Trees are strings

Often, a great way to solve a problem is to transform it into something else. Natural language processing can be seen as a category theory problem. You can turn graph problems into linear algebra problems. You can look at chemistry through a group theory lens and at electrical circuits through a graph theory lens. Et cetera.

This post is about an elegant problem space transformation in Leetcode-style problems: tree comparison problems can be seen as string comparison problems.

Consider the problem of determining if two trees are the same (i.e., are structurally identical and their nodes have the same value), given their root nodes.
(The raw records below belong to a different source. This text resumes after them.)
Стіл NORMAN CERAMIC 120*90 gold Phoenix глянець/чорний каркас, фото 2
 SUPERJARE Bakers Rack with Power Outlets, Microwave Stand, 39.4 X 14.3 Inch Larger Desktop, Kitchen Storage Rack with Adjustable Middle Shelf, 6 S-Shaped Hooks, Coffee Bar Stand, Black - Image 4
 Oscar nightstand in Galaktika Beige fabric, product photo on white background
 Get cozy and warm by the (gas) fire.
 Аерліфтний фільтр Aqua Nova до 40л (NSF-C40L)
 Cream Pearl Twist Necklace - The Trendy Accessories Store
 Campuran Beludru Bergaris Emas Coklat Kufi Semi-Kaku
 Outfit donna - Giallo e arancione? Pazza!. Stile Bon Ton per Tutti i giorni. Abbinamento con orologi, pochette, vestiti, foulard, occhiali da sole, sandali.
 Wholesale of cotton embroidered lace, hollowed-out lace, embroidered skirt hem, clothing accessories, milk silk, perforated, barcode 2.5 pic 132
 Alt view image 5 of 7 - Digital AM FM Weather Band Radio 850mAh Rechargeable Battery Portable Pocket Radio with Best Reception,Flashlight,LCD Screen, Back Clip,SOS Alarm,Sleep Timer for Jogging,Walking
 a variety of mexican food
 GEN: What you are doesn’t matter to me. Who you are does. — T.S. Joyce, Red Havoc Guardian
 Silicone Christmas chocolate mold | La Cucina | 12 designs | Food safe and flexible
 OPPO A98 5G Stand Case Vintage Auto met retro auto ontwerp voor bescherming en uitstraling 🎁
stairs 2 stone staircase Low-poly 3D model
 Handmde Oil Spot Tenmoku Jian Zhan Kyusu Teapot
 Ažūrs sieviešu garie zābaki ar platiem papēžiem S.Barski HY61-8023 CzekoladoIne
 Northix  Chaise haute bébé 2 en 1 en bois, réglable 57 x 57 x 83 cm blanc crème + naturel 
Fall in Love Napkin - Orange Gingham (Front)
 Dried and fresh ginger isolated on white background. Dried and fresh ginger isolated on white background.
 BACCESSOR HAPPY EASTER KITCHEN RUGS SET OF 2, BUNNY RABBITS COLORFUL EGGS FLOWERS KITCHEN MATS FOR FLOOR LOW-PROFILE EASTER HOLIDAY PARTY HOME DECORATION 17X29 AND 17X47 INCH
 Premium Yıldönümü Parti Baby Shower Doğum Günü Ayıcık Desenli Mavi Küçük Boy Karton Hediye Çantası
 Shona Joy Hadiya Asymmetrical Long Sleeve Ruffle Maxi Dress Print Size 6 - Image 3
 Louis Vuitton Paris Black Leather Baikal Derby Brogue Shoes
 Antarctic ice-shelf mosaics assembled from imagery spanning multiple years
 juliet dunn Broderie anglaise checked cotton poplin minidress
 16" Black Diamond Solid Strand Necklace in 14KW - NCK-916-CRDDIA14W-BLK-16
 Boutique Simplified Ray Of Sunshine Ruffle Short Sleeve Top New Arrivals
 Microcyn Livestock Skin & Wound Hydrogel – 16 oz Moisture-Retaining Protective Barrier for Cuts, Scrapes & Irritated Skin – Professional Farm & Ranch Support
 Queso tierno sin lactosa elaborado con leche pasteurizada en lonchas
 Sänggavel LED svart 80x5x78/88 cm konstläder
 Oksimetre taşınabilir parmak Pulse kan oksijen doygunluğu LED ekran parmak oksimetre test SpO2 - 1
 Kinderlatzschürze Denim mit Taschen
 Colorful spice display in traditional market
Here is the standard, depth first search way to do it in Python:

class Solution:
    def isSameTree(self, p: Optional[TreeNode], q: Optional[TreeNode]) -> bool:
        if p is None and q is None:
            return True

        if p is None or q is None:
            return False

        return (
            p.val == q.val and
            self.isSameTree(p.left, q.left) and
            self.isSameTree(p.right, q.right)
        )

This is a recursive solution. Here’s what’s going on:

If both root nodes are None, return True. Two trees that are both None are trivially identical.
If both root nodes are not simultaneously None but one of them is None (the condition p is None or q is None, which we evaluate only if p is None and q is None evaluates to False), return False. This is because if one of the trees is None but the other tree has actual stuff in it, the two trees are obviously not identical.
Okay, say neither of the root nodes is None. Then, return True if all of the following hold, else return False:
- the root nodes have the same value (p.val == q.val),
- the root nodes have identical left subtrees (self.isSameTree(p.left, q.left)), and
- the root nodes have identical right subtrees (self.isSameTree(p.right, q.right)).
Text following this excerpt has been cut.